Presented is an exceptionally fine and beautifully decorative Half Hull Model of the Royal Yacht Britannia Ca 1893. This presentation Model was done by American Marine Model Gallery, artist Peter Ward.
His Majesty’s Yacht Britannia was a gaff-rigged cutter built in 1893 for RYS Commodore Albert Edward, Prince of Wales. She served both himself and his son King George V with a long racing career.
Britannia in the 1890s
Britannia was launched on 20 April 1893, a week ahead of Valkyrie II, and joined a fleet of first-class cutters that was growing fast as others followed the royal lead. In a highly competitive fleet, Britannia soon set about achieving the race results which would eventually establish her as the most successful racing yacht of all time.

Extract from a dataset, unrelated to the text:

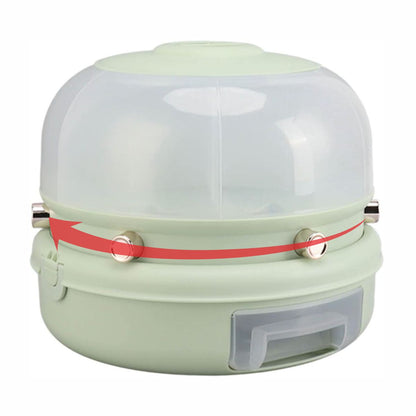 Recipient pentru orez, Naimeed D5315, cu 6 compartimente, 29x29x25cm, Verde Deschis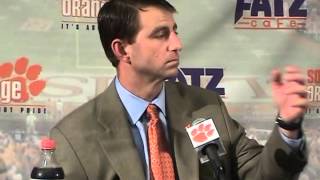 Dabo Swinney 2008 Clemson vs USC postgame press conference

By the end of her first year’s racing, Britannia had scored thirty-three wins from forty-three starts. In her second season, she won all seven races for the first-class yachts on the French Riviera, and then beat the 1893 America’s Cup defender Vigilant in home waters.
Despite a lull in big yacht racing after 1897, Britannia served as a trial horse for Sir Thomas Lipton’s first America’s Cup challenger Shamrock, and later passed on to several owners in a cruising trim with raised bulwarks. In 1920 King George V triggered the revival of the “Big class” by announcing that he would refit Britannia for racing. Although Britannia was the oldest yacht in the circuit, regular updates to her rig kept her a most successful racer throughout the 1920s. In 1931, she was converted to the J Class with a Bermuda rig, but despite the modifications, her performance to windward declined dramatically. Her last race was at Cowes in 1935. During her racing career, she won 231 races and took another 129 flags.
Back of the Half Hull Model
King George V’s dying wish was for his beloved yacht to follow him to the grave. On 10 July 1936, after Britannia had been stripped of her spars and fittings, her hull was towed out to St. Catherine’s Deep near the Isle of Wight, and she was sunk by HMS Winchester, commanded by Captain W.N.T. Beckett. RN.